--- START ---
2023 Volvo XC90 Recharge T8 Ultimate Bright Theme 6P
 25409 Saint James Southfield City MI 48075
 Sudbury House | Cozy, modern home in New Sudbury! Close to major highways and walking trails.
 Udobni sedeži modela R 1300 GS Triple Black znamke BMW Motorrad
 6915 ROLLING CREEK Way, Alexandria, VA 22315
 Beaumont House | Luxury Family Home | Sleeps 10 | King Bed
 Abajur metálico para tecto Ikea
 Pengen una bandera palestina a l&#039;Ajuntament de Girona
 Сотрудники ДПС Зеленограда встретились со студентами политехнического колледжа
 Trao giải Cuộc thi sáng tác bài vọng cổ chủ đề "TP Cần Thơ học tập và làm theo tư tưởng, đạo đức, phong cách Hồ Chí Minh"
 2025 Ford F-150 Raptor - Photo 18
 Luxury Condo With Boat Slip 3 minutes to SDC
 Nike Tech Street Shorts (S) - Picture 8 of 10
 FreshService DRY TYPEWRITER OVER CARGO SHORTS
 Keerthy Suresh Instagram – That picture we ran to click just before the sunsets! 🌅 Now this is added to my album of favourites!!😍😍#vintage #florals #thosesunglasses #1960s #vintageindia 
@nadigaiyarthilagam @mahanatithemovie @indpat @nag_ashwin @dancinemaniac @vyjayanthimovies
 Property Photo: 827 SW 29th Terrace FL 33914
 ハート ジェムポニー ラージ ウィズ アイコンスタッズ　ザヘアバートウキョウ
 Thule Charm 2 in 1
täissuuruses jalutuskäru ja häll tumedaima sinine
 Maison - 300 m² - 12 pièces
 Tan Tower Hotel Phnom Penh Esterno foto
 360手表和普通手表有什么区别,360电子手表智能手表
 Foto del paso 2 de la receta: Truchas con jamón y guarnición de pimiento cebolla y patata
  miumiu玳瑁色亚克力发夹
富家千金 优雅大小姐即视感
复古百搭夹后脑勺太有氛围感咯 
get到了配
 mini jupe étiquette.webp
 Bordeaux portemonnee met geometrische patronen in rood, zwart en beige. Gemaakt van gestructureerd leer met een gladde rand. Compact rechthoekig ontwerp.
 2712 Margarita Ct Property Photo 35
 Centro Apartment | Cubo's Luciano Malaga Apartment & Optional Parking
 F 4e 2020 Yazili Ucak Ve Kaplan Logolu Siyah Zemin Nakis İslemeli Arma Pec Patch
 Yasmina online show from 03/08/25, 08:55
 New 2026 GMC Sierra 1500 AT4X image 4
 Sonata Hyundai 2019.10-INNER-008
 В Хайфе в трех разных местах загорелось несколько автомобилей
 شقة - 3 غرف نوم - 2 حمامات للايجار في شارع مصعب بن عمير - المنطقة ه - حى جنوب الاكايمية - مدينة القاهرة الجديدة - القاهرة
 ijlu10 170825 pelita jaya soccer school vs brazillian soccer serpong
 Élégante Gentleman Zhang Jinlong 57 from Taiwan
--- END ---
§ ASSIGNMENT: Give back exactly the lines from the line containing "Sonata Hyundai 2019.10-INNER-008" to the end of the entries, and no other lines.

§ COMPLETED EXERCISE:
 Sonata Hyundai 2019.10-INNER-008
 В Хайфе в трех разных местах загорелось несколько автомобилей
 شقة - 3 غرف نوم - 2 حمامات للايجار في شارع مصعب بن عمير - المنطقة ه - حى جنوب الاكايمية - مدينة القاهرة الجديدة - القاهرة
 ijlu10 170825 pelita jaya soccer school vs brazillian soccer serpong
 Élégante Gentleman Zhang Jinlong 57 from Taiwan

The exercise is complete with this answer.